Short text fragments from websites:

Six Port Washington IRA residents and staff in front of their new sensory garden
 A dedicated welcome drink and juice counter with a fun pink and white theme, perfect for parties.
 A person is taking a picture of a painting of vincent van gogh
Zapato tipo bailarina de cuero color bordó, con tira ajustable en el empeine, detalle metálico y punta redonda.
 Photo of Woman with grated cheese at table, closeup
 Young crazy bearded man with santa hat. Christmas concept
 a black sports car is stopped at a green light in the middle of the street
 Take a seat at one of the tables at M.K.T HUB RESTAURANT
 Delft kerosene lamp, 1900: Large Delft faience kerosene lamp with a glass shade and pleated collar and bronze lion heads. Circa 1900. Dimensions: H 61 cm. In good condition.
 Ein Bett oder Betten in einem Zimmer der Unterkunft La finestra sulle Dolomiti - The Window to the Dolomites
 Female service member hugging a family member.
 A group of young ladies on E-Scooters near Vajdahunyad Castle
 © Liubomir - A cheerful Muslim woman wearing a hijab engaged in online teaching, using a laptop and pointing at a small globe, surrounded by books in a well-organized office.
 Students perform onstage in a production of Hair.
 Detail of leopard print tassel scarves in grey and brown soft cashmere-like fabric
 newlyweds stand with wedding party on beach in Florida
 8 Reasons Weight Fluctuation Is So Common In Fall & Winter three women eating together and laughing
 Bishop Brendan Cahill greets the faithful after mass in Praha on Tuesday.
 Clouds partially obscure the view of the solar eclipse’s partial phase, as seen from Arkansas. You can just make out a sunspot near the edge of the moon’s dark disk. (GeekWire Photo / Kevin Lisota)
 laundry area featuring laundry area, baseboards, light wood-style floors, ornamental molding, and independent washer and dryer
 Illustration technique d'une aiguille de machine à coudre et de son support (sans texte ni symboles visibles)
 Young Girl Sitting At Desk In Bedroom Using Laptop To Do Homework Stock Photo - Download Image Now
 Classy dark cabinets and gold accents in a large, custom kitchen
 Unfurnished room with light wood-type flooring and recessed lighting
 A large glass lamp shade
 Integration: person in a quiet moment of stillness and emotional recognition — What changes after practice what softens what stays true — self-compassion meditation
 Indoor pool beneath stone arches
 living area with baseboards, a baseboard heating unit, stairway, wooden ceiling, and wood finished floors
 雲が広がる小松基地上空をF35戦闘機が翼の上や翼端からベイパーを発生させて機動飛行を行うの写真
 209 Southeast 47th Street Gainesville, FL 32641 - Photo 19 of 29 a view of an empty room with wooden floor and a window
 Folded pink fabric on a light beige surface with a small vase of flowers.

__PROBLEM TO SOLVE__: The answer is the lines above between the line holding "Students perform onstage" and the line holding "Bishop Brendan Cahill", inclusive, each written out exactly, and no others.

__ANSWER TO THE PROBLEM__:
 Students perform onstage in a production of Hair.
 Detail of leopard print tassel scarves in grey and brown soft cashmere-like fabric
 newlyweds stand with wedding party on beach in Florida
 8 Reasons Weight Fluctuation Is So Common In Fall & Winter three women eating together and laughing
 Bishop Brendan Cahill greets the faithful after mass in Praha on Tuesday.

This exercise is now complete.